Natürlich bin ich mir bewusst, dass in einer hochzivilisierten Gesellschaft ständig einige Arbeiten ausgeführt werden müssen. Darum geht es ja auch nicht in diesem neuen Gesetz. Es ist sicher richtig, dass wir notwendige Dienste wie Polizei, Krankenpflege und öffentliche Verkehrsmittel auch am Sonntag aufrechterhalten. Und Dienstleistungen, die der Beziehungspflege und der Erholung dienen, sind bis zu einem gewissen Grad auch zu rechtfertigen. Doch wo ist die Grenze? Müssen wir immer alles sofort einkaufen können?

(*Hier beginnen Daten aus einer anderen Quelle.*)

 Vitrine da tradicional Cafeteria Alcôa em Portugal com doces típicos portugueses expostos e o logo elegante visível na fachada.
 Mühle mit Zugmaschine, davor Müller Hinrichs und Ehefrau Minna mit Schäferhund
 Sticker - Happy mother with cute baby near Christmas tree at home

Viele argumentieren, dass mit der Öffnung an Bahnhöfen Arbeitsplätze geschaffen werden können. Aber wenn wir genauer hinsehen, handelt es sich nur um die Verschiebung von Einkäufen aus der Woche, also einzig um eine Verlagerung.

Das Ringen um den Sonntag hat sich in den letzten zwei Jahren intensiviert. Nun hat die Wirtschafts- und Abgabenkommission im Eilverfahren einen Antrag auf Änderung des Arbeitsgesetzes ans Parlament gerichtet, damit Läden an Bahnhöfen nicht nur für den Reisebedarf, sondern auch generell am Sonntag geöffnet werden können. Die Bahnhöfe sollen zu Sonntags-Einkaufszentren werden!

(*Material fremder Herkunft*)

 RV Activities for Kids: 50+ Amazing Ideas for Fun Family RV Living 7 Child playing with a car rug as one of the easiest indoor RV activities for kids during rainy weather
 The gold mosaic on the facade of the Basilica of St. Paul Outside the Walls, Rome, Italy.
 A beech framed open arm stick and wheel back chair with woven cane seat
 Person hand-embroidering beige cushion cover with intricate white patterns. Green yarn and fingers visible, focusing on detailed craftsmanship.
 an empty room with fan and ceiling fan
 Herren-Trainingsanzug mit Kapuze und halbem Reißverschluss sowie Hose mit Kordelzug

Viele argumentieren, dass mit der Öffnung an Bahnhöfen Arbeitsplätze geschaffen werden können. Aber wenn wir genauer hinsehen, handelt es sich nur um die Verschiebung von Einkäufen aus der Woche, also einzig um eine Verlagerung. Und sind wir wirklich gezwungen, den Sonntag zu opfern, damit wir ein Auskommen für alle schaffen können?

Der freie Sonntag sollte aber idealerweise ein Tag sein, den die Menschen geniessen können, der ihrem Leben mehr Qualität gibt, auf den sie sich freuen. Aus der Wechselbeziehung zwischen Alltag und Sonntag beruht die Fähigkeit der Gesellschaft zum Feiern. Denn das Fest ist mehr als "Freizeit" und Freiheit von der Erwerbsarbeit und dient nicht nur zur Regeneration für die Arbeit. Wenn das nicht gelingt, ist die ursprüngliche Bedeutung, das von Gott angestrebte Ziel verfehlt; und dann können wir auf den Sonntag auch verzichten.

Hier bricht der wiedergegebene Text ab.